Peanut Butter and Jelly Baked Pancakes Recipe

Peanut Butter and Jelly Baked Pancakes Recipe

Nutty spread and Jelly Baked Pancakes are a warm and comfortable breakfast to make you go in the mornings. Fleecy, buttermilk hotcake hitter is whirled with sweet strawberry jam and after that prepared in smaller than normal cast iron skillets. Showered with a sweet nutty spread syrup and finished with crisp strawberries, this simple breakfast is prepared in under 30 minutes and ideal for the entire family!

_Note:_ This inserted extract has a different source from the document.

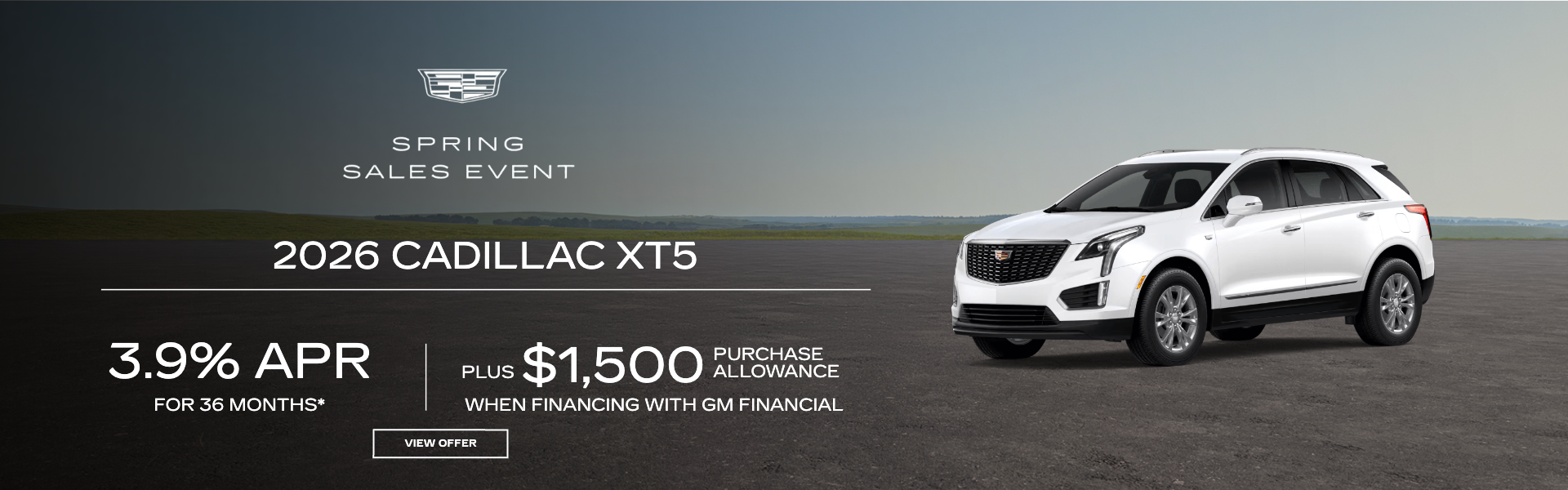 2026 Cadillac XT5: 3.9% APR + $1,500 Purchase Allowance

10 minPrep Time - 15 minCook Time - 25 minTotal Time 


2 containers Krusteaz Protein Complete Buttermilk Pancake Mix

1/3 containers virus water

1/2 teaspoon preparing powder

1/2 teaspoon vanilla concentrate

5 tablespoons strawberry jam, isolated

Nutty spread Syrup

1/4 glass smooth nutty spread

3 tablespoons maple syrup


1-Preheat broiler to 350⁰F. Delicately oil five 3.5-inch small scale cast iron skillets and afterward place onto a huge preparing dish (for simple expulsion from stove). Put aside.

2-In a medium bowl, include flapjack blend, cold water, preparing powder, and vanilla. Mix until simply consolidated and let sit for 2 minutes.

3-Pour 1/2 measure of player into every skillet and drop 1 tablespoon of jam into the hitter of every skillet and tenderly twirl with a blade.

4-Bake 15-18 minutes, or until focuses are firm. Expel from broiler and let cool for 5 minutes.

5-To make the nutty spread syrup: in a little bowl, microwave nutty spread on medium power for 15-20 seconds, or until somewhat liquefied. Add maple syrup to nutty spread and mix to consolidate.

6-Drizzle over hotcakes and present with new strawberries and powdered sugar, whenever wanted.